Given records START
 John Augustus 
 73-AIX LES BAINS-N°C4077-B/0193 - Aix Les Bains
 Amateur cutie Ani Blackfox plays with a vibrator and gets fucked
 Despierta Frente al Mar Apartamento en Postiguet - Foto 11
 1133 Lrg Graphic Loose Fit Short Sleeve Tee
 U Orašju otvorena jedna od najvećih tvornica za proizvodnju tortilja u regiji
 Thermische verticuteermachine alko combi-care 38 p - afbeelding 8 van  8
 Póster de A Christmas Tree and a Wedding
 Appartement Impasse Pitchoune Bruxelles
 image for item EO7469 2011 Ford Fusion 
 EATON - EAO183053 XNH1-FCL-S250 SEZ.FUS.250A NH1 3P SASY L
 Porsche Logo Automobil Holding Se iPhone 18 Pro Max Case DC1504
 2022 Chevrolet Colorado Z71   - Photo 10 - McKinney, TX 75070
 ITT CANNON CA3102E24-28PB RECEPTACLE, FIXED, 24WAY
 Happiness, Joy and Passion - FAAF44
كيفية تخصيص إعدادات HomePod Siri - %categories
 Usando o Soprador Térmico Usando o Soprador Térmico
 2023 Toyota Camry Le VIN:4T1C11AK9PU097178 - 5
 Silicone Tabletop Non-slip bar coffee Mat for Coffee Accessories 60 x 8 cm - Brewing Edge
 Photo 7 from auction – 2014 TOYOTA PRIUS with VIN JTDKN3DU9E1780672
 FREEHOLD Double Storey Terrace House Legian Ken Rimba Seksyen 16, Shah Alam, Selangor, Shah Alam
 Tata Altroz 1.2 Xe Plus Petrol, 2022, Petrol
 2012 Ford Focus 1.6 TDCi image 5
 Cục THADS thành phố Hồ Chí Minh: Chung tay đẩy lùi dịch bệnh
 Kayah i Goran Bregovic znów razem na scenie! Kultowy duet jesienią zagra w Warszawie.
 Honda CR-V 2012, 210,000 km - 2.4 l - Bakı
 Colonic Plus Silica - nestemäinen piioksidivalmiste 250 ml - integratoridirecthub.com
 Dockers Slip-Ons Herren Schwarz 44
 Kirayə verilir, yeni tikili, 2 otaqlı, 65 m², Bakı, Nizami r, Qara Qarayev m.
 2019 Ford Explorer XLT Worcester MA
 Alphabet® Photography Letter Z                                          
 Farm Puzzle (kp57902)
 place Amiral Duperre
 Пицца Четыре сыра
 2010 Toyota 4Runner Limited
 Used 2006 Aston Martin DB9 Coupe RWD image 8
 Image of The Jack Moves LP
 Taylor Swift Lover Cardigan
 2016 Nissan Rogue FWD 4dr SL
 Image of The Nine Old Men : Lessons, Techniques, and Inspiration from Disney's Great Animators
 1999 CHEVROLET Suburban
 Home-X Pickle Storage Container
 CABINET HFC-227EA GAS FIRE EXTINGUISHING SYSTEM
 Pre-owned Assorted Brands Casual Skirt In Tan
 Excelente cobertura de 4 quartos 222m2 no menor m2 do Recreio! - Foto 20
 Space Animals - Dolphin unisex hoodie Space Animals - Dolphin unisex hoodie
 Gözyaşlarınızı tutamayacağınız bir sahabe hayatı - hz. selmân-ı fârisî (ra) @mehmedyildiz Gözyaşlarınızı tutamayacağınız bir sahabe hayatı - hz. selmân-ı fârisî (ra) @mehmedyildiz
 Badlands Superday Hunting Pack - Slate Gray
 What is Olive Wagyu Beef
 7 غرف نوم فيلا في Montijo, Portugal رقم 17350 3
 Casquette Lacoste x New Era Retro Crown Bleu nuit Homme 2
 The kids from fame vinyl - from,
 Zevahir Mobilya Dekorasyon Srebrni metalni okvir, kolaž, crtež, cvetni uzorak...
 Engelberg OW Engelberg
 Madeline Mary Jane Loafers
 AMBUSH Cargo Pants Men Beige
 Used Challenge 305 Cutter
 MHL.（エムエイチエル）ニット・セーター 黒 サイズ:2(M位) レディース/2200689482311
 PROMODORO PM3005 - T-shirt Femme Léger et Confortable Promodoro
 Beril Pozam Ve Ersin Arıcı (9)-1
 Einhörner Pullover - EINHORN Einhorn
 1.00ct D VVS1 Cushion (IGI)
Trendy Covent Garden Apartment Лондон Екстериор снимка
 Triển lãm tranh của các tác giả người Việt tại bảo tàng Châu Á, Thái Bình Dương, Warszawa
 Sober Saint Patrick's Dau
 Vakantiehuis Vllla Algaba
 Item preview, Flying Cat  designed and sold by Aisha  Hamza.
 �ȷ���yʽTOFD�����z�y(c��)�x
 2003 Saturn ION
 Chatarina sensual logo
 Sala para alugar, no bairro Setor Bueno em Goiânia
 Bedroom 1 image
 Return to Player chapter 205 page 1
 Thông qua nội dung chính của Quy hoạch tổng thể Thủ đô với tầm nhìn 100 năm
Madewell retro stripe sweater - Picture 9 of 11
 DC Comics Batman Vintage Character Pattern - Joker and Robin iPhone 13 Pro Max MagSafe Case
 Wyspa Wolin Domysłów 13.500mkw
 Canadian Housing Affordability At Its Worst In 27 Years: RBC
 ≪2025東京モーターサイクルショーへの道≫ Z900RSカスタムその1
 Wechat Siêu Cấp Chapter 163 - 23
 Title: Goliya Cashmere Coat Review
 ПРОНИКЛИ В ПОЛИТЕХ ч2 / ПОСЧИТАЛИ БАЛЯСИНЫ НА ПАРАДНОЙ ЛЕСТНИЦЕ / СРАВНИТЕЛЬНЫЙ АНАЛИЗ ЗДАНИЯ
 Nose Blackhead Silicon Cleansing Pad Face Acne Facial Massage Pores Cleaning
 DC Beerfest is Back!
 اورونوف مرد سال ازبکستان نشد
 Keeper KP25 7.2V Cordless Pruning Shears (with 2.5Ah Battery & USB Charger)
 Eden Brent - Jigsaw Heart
Given records END
— Goal of the exercise —
Exactly as written, please reproduce the lines from the first line of the data to the line containing "2019 Ford Explorer XLT Worcester MA", inclusive, and nothing else.

— Finished task —
 John Augustus 
 73-AIX LES BAINS-N°C4077-B/0193 - Aix Les Bains
 Amateur cutie Ani Blackfox plays with a vibrator and gets fucked
 Despierta Frente al Mar Apartamento en Postiguet - Foto 11
 1133 Lrg Graphic Loose Fit Short Sleeve Tee
 U Orašju otvorena jedna od najvećih tvornica za proizvodnju tortilja u regiji
 Thermische verticuteermachine alko combi-care 38 p - afbeelding 8 van  8
 Póster de A Christmas Tree and a Wedding
 Appartement Impasse Pitchoune Bruxelles
 image for item EO7469 2011 Ford Fusion 
 EATON - EAO183053 XNH1-FCL-S250 SEZ.FUS.250A NH1 3P SASY L
 Porsche Logo Automobil Holding Se iPhone 18 Pro Max Case DC1504
 2022 Chevrolet Colorado Z71   - Photo 10 - McKinney, TX 75070
 ITT CANNON CA3102E24-28PB RECEPTACLE, FIXED, 24WAY
 Happiness, Joy and Passion - FAAF44
كيفية تخصيص إعدادات HomePod Siri - %categories
 Usando o Soprador Térmico Usando o Soprador Térmico
 2023 Toyota Camry Le VIN:4T1C11AK9PU097178 - 5
 Silicone Tabletop Non-slip bar coffee Mat for Coffee Accessories 60 x 8 cm - Brewing Edge
 Photo 7 from auction – 2014 TOYOTA PRIUS with VIN JTDKN3DU9E1780672
 FREEHOLD Double Storey Terrace House Legian Ken Rimba Seksyen 16, Shah Alam, Selangor, Shah Alam
 Tata Altroz 1.2 Xe Plus Petrol, 2022, Petrol
 2012 Ford Focus 1.6 TDCi image 5
 Cục THADS thành phố Hồ Chí Minh: Chung tay đẩy lùi dịch bệnh
 Kayah i Goran Bregovic znów razem na scenie! Kultowy duet jesienią zagra w Warszawie.
 Honda CR-V 2012, 210,000 km - 2.4 l - Bakı
 Colonic Plus Silica - nestemäinen piioksidivalmiste 250 ml - integratoridirecthub.com
 Dockers Slip-Ons Herren Schwarz 44
 Kirayə verilir, yeni tikili, 2 otaqlı, 65 m², Bakı, Nizami r, Qara Qarayev m.
 2019 Ford Explorer XLT Worcester MA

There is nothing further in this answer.